Example

Question:

An electron falls through a distance of \(1.5\,\mathrm{cm}\) in a uniform electric field of magnitude \(2.0 \times 10^4\,\mathrm{N\,C}^{-1}\) [Fig. 1.10(a)]. The direction of the field is reversed keeping its magnitude unchanged and a proton falls through the same distance [Fig. 1.10(b)]. Compute the time of fall in each case. Contrast the situation with that of ‘free fall under gravity’.

Solution:

In Fig. 1.10(a), the field is upward, so the negatively charged electron experiences a downward force of magnitude \(eE\), where \(E\) is the magnitude of the electric field.
The acceleration of the electron is \[ a_e = \frac{eE}{m_e} \] where \(m_e\) is the mass of the electron.
Starting from rest, the time required by the electron to fall through a distance \(h\) is \[ t_e = \sqrt{\frac{2h}{a_e}} = \sqrt{\frac{2h m_e}{eE}} \] For \(e = 1.6 \times 10^{-19}\,\mathrm{C}\), \(m_e = 9.11 \times 10^{-31}\,\mathrm{kg}\),\\ \(E = 2.0 \times 10^4\,\mathrm{N\,C}^{-1}\), \(h = 1.5 \times 10^{-2}\,\mathrm{m}\), \[ t_e = 2.9 \times 10^{-9}\,\mathrm{s} \] In Fig. 1.10(b), the field is downward, and the positively charged proton experiences a downward force of magnitude \(eE\).
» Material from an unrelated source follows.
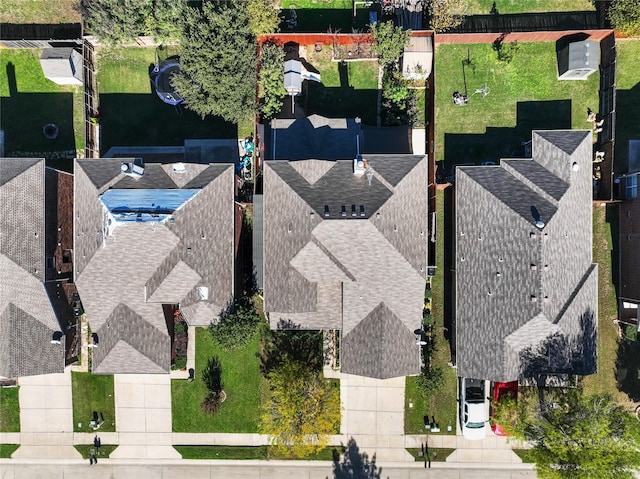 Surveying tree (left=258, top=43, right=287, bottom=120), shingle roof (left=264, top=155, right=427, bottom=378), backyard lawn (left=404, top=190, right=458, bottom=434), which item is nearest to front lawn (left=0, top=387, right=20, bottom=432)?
shingle roof (left=264, top=155, right=427, bottom=378)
The acceleration of the proton is \[ a_p = \frac{eE}{m_p} \] where \(m_p\) is the mass of the proton; \(m_p = 1.67 \times 10^{-27}\,\mathrm{kg}\).\\ The time of fall for the proton is \[ t_p = \sqrt{\frac{2h}{a_p}} = \sqrt{\frac{2h m_p}{eE}} = 1.3 \times 10^{-7}\,\mathrm{s} \] Thus, the heavier particle (proton) takes a greater time to fall through the same distance. This is in contrast to 'free fall under gravity', where the time of fall is independent of the mass of the body.
To justify neglecting gravity, calculate the acceleration of the proton in the electric field: \[ a_p = \frac{eE}{m_p} = \frac{(1.6 \times 10^{-19}\,\mathrm{C}) \times (2.0 \times 10^4\,\mathrm{N\,C}^{-1})}{1.67 \times 10^{-27}\,\mathrm{kg}} = 1.9 \times 10^{12}\,\mathrm{m\,s}^{-2} \] This is enormous compared to the value of \(g\) (\(9.8\,\mathrm{m\,s}^{-2}\)), so the effect of acceleration due to gravity can be ignored.